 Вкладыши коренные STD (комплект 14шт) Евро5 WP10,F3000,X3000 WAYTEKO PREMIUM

...

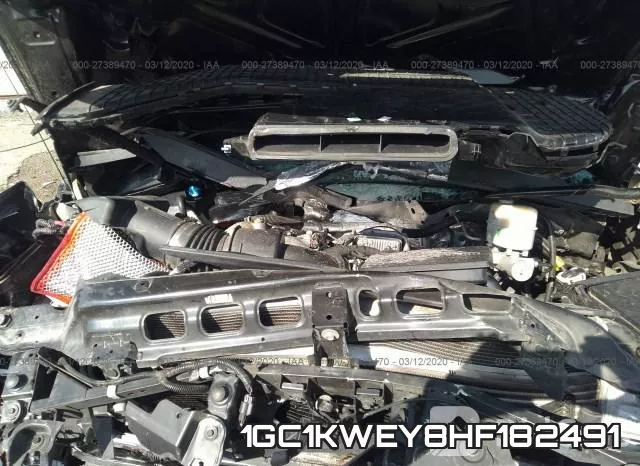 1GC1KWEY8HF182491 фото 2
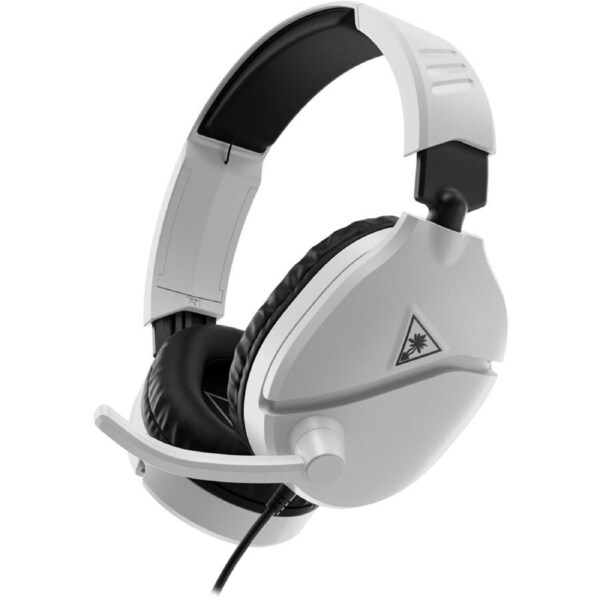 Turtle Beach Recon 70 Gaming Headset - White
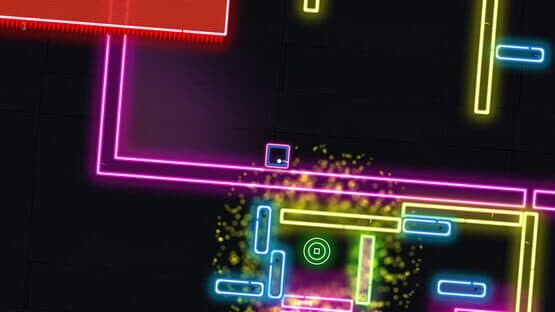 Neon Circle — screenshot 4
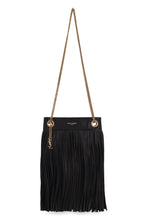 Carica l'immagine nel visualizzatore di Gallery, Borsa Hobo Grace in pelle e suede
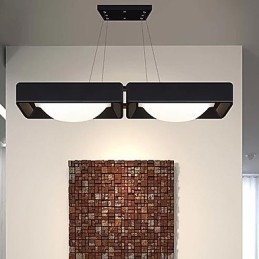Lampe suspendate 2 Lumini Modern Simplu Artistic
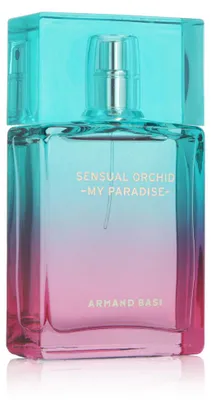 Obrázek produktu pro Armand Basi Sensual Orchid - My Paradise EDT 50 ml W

WHAT THIS TASK INVOLVES: Nothing but the lines from the one with "Turtle Beach Recon 70 Gaming Headset - White" to the one with "Obrázek produktu pro" above, both included, should be transcribed, exactly and without pictures.

ANSWER BOX:
 Turtle Beach Recon 70 Gaming Headset - White
 Neon Circle — screenshot 4
 Carica l'immagine nel visualizzatore di Gallery, Borsa Hobo Grace in pelle e suede
Lampe suspendate 2 Lumini Modern Simplu Artistic
 Obrázek produktu pro Armand Basi Sensual Orchid - My Paradise EDT 50 ml W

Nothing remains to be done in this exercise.